The report estimates that between 2013 and 2015, an additional 80 million US dollars was spent on importing fuel, because of over-invoicing.
The re-export of fuel is also plagued with corruption. When imported fuels are intended to be sold outside Mozambique, in neighbouring countries, they enjoy tax exemptions. Some of the fuel importing companies take advantage of this by declaring as re-exports fuel which is sold in Mozambique.
CIP could not estimate how much tax the Mozambican state has lost through these fraudulent schemes, but it was certain that at least 20 per cent of the fuel declared as being in transit is in fact sold within Mozambique.
CIP accused the publicly owned fuel company, Petromoc, of massive over-invoicing, in the period when it was the only company that could import domestic gas. The Petromoc over-invoicing, it claimed, reached 400 dollars a tonne.
CIP also estimates that 50 per cent of the money paid by fuel consumers covers the costs of Petromoc and of the other fuel importing companies.
In electricity, there is also over-invoicing. CIP confirmed the accusation made some months ago by the then chairperson of the public electricity company, EDM, Mateus Magala, that EDM staff claimed to buy electricity meters for 100 dollars, when the real price was 20 dollars.

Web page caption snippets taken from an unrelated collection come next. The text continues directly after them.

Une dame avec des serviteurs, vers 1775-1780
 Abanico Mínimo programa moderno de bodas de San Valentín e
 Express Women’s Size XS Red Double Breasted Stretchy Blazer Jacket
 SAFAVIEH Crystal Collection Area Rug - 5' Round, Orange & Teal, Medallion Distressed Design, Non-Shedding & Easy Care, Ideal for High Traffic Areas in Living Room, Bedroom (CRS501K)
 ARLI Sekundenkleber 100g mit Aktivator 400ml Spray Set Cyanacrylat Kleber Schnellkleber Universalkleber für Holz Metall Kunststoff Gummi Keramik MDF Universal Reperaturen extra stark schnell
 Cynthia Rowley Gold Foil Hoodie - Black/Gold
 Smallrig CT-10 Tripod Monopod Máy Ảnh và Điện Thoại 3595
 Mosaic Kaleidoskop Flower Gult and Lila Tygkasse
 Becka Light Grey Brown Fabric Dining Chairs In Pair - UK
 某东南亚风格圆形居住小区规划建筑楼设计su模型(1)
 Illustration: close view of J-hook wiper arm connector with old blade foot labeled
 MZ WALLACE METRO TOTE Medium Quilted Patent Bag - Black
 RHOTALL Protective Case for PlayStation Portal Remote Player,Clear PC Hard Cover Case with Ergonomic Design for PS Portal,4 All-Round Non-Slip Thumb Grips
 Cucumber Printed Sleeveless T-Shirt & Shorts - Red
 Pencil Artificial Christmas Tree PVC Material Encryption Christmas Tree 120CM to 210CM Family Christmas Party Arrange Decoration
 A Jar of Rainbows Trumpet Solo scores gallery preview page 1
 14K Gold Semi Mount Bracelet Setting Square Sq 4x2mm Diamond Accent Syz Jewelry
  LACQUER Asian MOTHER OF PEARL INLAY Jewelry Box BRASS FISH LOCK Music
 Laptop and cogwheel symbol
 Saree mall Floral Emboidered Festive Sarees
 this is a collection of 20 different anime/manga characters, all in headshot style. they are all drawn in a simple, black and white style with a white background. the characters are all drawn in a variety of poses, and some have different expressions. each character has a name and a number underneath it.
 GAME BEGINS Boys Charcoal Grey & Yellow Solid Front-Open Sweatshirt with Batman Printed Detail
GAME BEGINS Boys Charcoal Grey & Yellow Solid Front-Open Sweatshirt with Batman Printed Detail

Analysing the EDM accounts for 2014 and 2015, CIP estimated that ten million dollars a year were spent on over-invoicing for electricity meters.
CIP also criticised the fact that Hidroelectrica de Cahora Bassa (HCB) sells most of the energy it produces cheaply to South Africa, while EDM has become reliant on independent producers who charge much more for their electricity.
The purchase of electricity from the independent producers, rather than from HCB, cost EDM 21 billion meticais (about 341 million dollars at current exchange rates), between 2014 and 2017.